Later that day, Maj. Pete Stambersky, the District's deputy for Contracting Division, gave a presentation on the Corps of Engineers to about two dozen students at Los Altos High School. Stambersky spoke about the various missions of the Corps and the people who perform them, and encouraged the students to continue their studies in STEM to help prepare them for a potential future in engineering.

To round out its Engineers Week activities, the District participated in a second event at the STEM Academy of Hollywood on Feb. 23, where two district team members judged students’ presentations in the academy’s inaugural Senior Defense.

Paul Hirsch, principal of the Stem Academy of Hollywood, explained the concept behind the Linked Learning school.

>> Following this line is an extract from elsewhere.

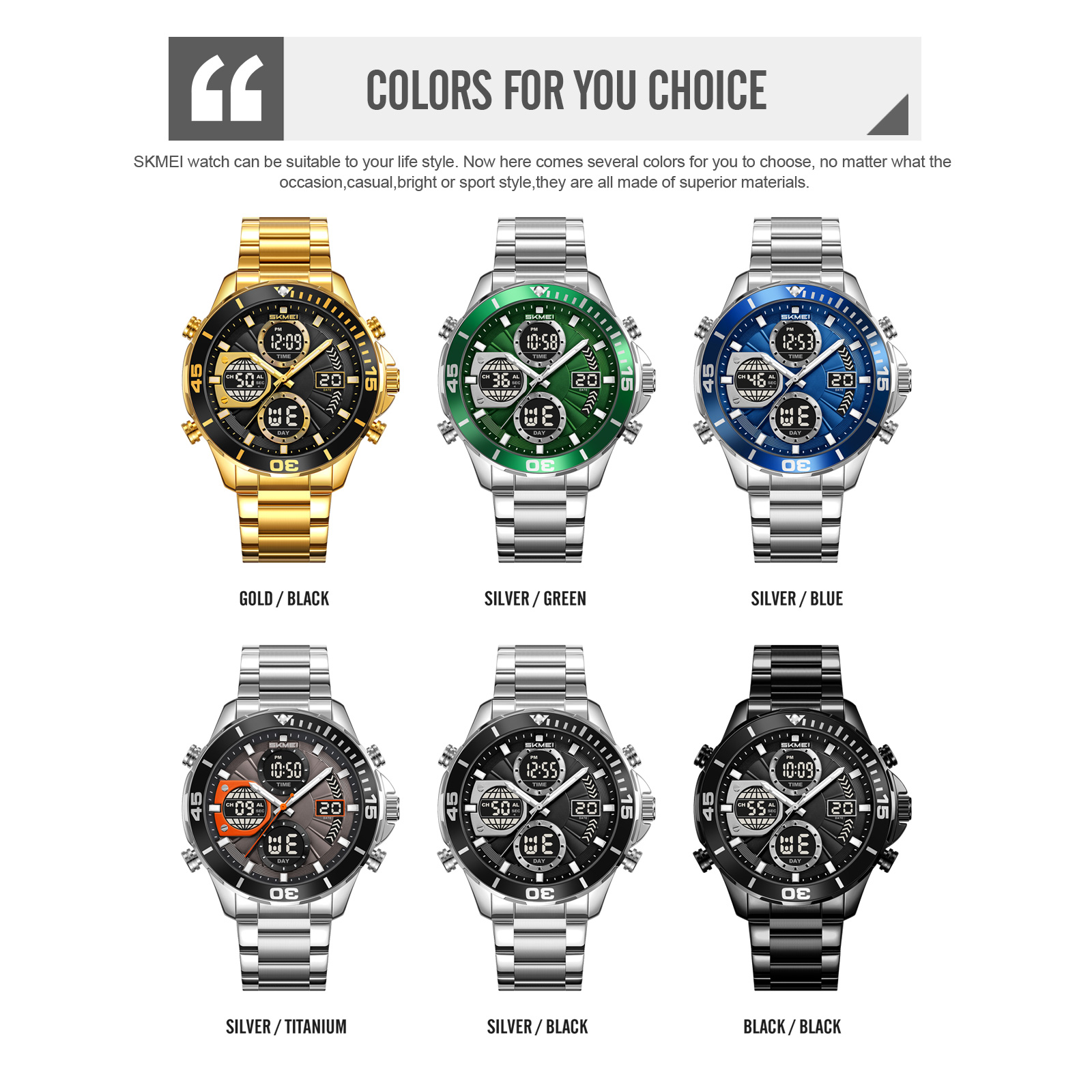 SKMEI Model 2621 Bold Chronograph Analog-Digital Sports Watches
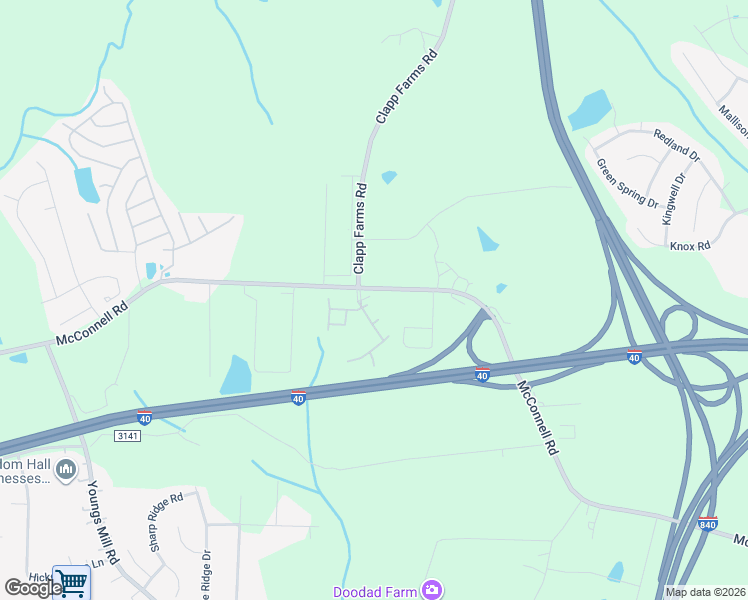 map of restaurants, bars, coffee shops, grocery stores, and more near 3662 McConnell Road in Greensboro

“The idea behind a Linked Learning school is you link the academic core to career pathways,” he said. “We offer two pathways, one in medicine and one in engineering.”

Maj. Scotty Autin, deputy commander of the Corps’ Los Angeles District, and Hutton, judged the students’ projects based on metrics provided by the academy.

The project defense allowed students to demonstrate the expanse of their engineering knowledge.

“I am a senior and enjoyed defending how I learned certain engineering principles I was taught while attending this school over the past four years,” said Joshua Ramirez, a student at the academy who had presented his project to Autin. “I had to find artifacts from all four years of my attendance and based on four major principles, show what we learned.”

“I thought this event was interesting as it showed that the students had to use basically an engineering thought process in their presentations,” said Autin. “They showed how the projects contributed to their learning. It was a chance to show through their evidence, which they call artifacts, that they had learned the objectives of the school.”

Hirsch said the school goes beyond the core by connecting the academic career technical courses to real world learning experiences.

“We bring professionals here like the Corps to serves as judges to evaluate how the kids are doing, and we also send the kids out to do volunteer work or paid internships,” he said.